### [Work instruction]
Retype every entry in its entirety, without alteration.

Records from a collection
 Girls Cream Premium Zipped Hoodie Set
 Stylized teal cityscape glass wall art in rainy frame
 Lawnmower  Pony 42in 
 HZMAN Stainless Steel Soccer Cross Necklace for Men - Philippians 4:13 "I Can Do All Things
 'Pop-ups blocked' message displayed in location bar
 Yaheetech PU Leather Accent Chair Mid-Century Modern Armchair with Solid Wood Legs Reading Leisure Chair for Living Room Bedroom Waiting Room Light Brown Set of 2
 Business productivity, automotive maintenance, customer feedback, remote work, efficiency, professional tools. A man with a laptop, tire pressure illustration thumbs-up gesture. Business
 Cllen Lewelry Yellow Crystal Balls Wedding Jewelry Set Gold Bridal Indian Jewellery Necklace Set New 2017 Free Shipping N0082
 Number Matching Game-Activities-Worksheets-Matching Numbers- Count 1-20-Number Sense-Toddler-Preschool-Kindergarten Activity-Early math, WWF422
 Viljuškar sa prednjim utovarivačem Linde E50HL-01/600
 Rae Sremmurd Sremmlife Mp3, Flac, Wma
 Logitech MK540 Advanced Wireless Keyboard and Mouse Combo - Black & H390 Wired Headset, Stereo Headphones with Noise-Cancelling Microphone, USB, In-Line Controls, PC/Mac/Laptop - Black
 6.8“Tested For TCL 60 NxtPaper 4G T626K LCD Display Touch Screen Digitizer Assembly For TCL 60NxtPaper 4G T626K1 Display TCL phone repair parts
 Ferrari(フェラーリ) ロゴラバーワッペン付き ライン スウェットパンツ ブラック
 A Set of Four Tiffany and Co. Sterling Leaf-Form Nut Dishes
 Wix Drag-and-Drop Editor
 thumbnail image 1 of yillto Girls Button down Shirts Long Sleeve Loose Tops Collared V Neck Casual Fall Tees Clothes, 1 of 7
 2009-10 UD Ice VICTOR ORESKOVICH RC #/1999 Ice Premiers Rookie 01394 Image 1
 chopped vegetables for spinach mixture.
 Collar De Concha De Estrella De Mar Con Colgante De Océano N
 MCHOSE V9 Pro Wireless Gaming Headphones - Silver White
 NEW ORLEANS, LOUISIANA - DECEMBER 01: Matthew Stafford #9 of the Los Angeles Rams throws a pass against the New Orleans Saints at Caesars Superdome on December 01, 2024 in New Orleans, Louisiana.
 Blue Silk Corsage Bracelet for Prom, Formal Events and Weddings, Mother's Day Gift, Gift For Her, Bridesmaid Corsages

### [Task result]
 Girls Cream Premium Zipped Hoodie Set
 Stylized teal cityscape glass wall art in rainy frame
 Lawnmower  Pony 42in 
 HZMAN Stainless Steel Soccer Cross Necklace for Men - Philippians 4:13 "I Can Do All Things
 'Pop-ups blocked' message displayed in location bar
 Yaheetech PU Leather Accent Chair Mid-Century Modern Armchair with Solid Wood Legs Reading Leisure Chair for Living Room Bedroom Waiting Room Light Brown Set of 2
 Business productivity, automotive maintenance, customer feedback, remote work, efficiency, professional tools. A man with a laptop, tire pressure illustration thumbs-up gesture. Business
 Cllen Lewelry Yellow Crystal Balls Wedding Jewelry Set Gold Bridal Indian Jewellery Necklace Set New 2017 Free Shipping N0082
 Number Matching Game-Activities-Worksheets-Matching Numbers- Count 1-20-Number Sense-Toddler-Preschool-Kindergarten Activity-Early math, WWF422
 Viljuškar sa prednjim utovarivačem Linde E50HL-01/600
 Rae Sremmurd Sremmlife Mp3, Flac, Wma
 Logitech MK540 Advanced Wireless Keyboard and Mouse Combo - Black & H390 Wired Headset, Stereo Headphones with Noise-Cancelling Microphone, USB, In-Line Controls, PC/Mac/Laptop - Black
 6.8“Tested For TCL 60 NxtPaper 4G T626K LCD Display Touch Screen Digitizer Assembly For TCL 60NxtPaper 4G T626K1 Display TCL phone repair parts
 Ferrari(フェラーリ) ロゴラバーワッペン付き ライン スウェットパンツ ブラック
 A Set of Four Tiffany and Co. Sterling Leaf-Form Nut Dishes
 Wix Drag-and-Drop Editor
 thumbnail image 1 of yillto Girls Button down Shirts Long Sleeve Loose Tops Collared V Neck Casual Fall Tees Clothes, 1 of 7
 2009-10 UD Ice VICTOR ORESKOVICH RC #/1999 Ice Premiers Rookie 01394 Image 1
 chopped vegetables for spinach mixture.
 Collar De Concha De Estrella De Mar Con Colgante De Océano N
 MCHOSE V9 Pro Wireless Gaming Headphones - Silver White
 NEW ORLEANS, LOUISIANA - DECEMBER 01: Matthew Stafford #9 of the Los Angeles Rams throws a pass against the New Orleans Saints at Caesars Superdome on December 01, 2024 in New Orleans, Louisiana.
 Blue Silk Corsage Bracelet for Prom, Formal Events and Weddings, Mother's Day Gift, Gift For Her, Bridesmaid Corsages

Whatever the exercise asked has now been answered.